This is a lexical analyzer for a very reduced form of a language, composed by myself with all it's lexical rules and components. One fact worth mentioning is that I made my life easier by not performing look-ahead for operators of type ==,<=,>= etc, and also it does not have functions, classes etc. It parses a text file in which a basic program is written.

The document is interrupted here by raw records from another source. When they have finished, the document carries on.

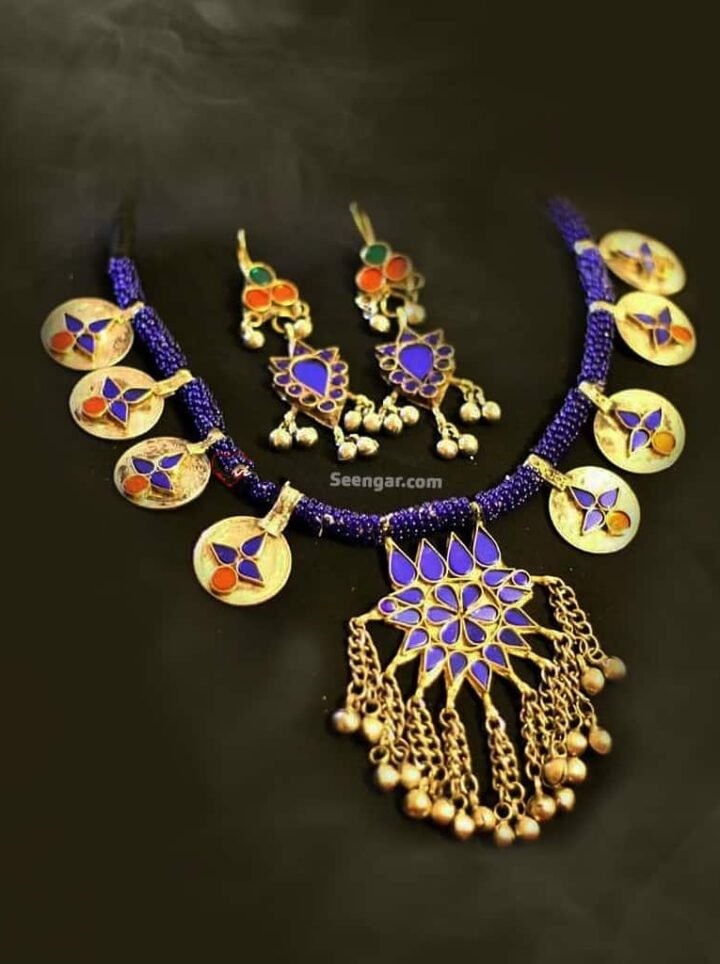 Blue Mughal Princess Necklace & Hanging Earrings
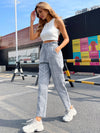 Fashionable High Waist Plaid Straight Pants for Women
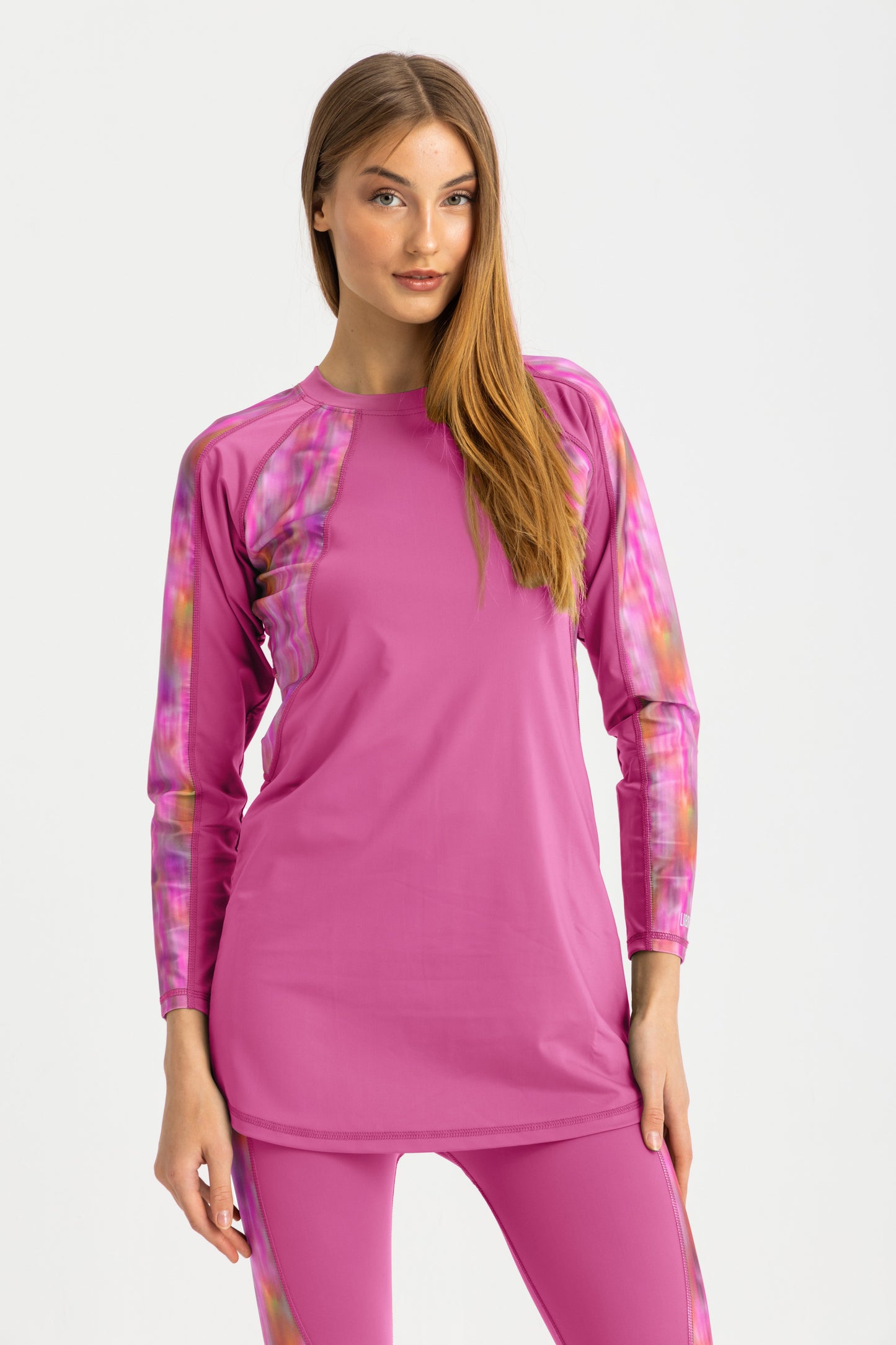 Lycra Asymmetrical Basic Swimsuit - Pink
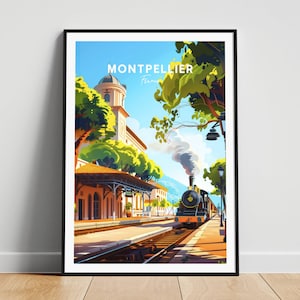 Montpellier travel print - France travel poster, Montpellier poster, Montpellier France poster, Personalized Gift, Wedding gift, Custom Text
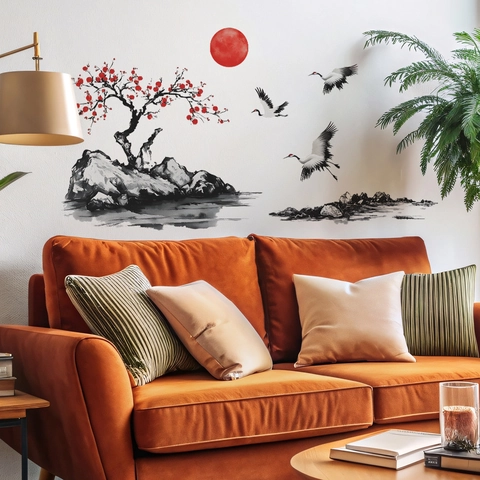 Chinese Ink Wash Style Wall Sticker Plum Blossom Sunset Flying Cranes PVC Removable Wall Decal For Living Room Bedroom Home Decor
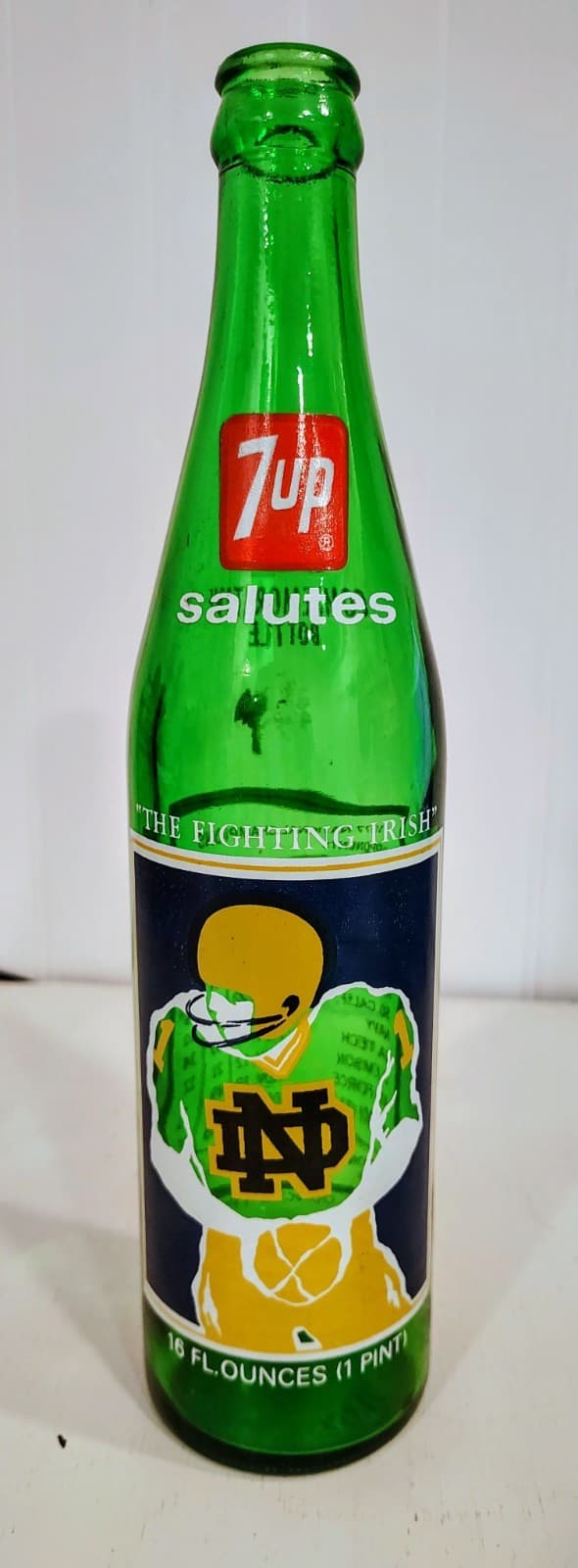 VINTAGE 1977 NOTRE DAME 7UP BOTTLE NATIONAL CHAMPS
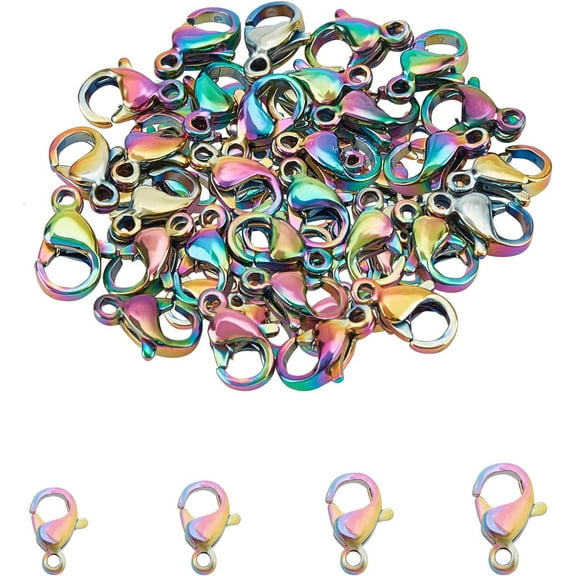 40pcs 4 styles Multi-color Lobster Claw Clasps Stainless Steel Clasps Fastener Hook End Chain Clasp Metal Clasps for Jewelery Making Necklaces Bracelets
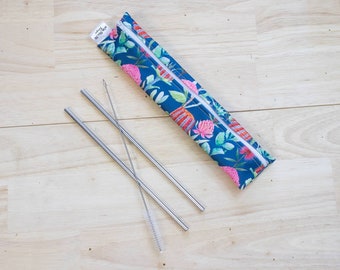 Reusable Straw Pouch Set,  Travel, stainless straw, Work, bag, navy natives, leaves, zipper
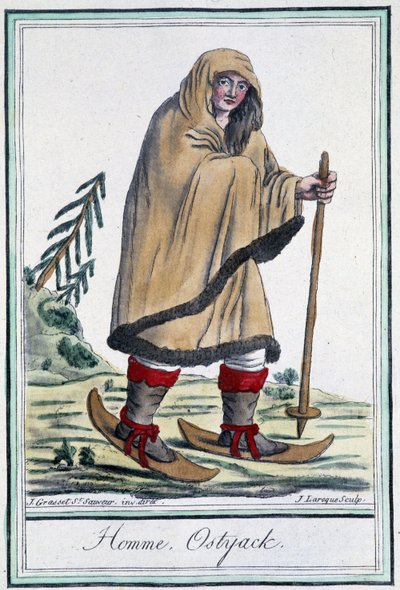 Ostyack na nartach - w „Encyclopédie des voyages” Grasset Saint Sauveur, wyd. Paryż 1796 autorstwa Jacques Grasset de Saint Sauveur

These are language related, you can figure out how my language looks like after them etc.
//Adds operators to list
private void getOperators(){
operators.add("<"); operators.add(">");
operators.add("lt"); operators.add("gt");
operators.add("="); operators.add("equals");
operators.add("plus"); operators.add("minus");
}
//Adds reserved words to list
private void getReservedWords(){
reservedWords.add("if"); reservedWords.add("else"); reservedWords.add("while");
reservedWords.add("int"); reservedWords.add("char"); reservedWords.add("string");
reservedWords.add("main"); reservedWords.add("cin>>"); reservedWords.add("cout<<"); //really skipping that look ahead step here :D
}
//Adds separators to list
private void getSeparators(){
sepList.add("("); sepList.add(")"); sepList.add(",");
sepList.add(";"); sepList.add("["); sepList.add("]");
}
//Adds codification to list
private void getCodification(){
codification.add("identifier");
codification.add("constant");
codification.add("main");
codification.add("int");
codification.add("char");
codification.add("string");
codification.add("cout<<");
codification.add("cin>>");
codification.add("while");
codification.add("if");
codification.add("else");
codification.add(";");
codification.add(",");
codification.add("[");
codification.add("]");
codification.add("(");
codification.add(")");
codification.add("plus");
codification.add("minus");
codification.add("<");
codification.add(">");
codification.add("=");
codification.add("lt");
codification.add("gt");
codification.add("equals");
}
And now for the Scanner part, it basically parses lines, breaks it in tokens and then decides if token is reserved word, operator, separator, identifier, constant and it adds them to PIF/ST respectively; or error. The regex should tell you about the language constraints.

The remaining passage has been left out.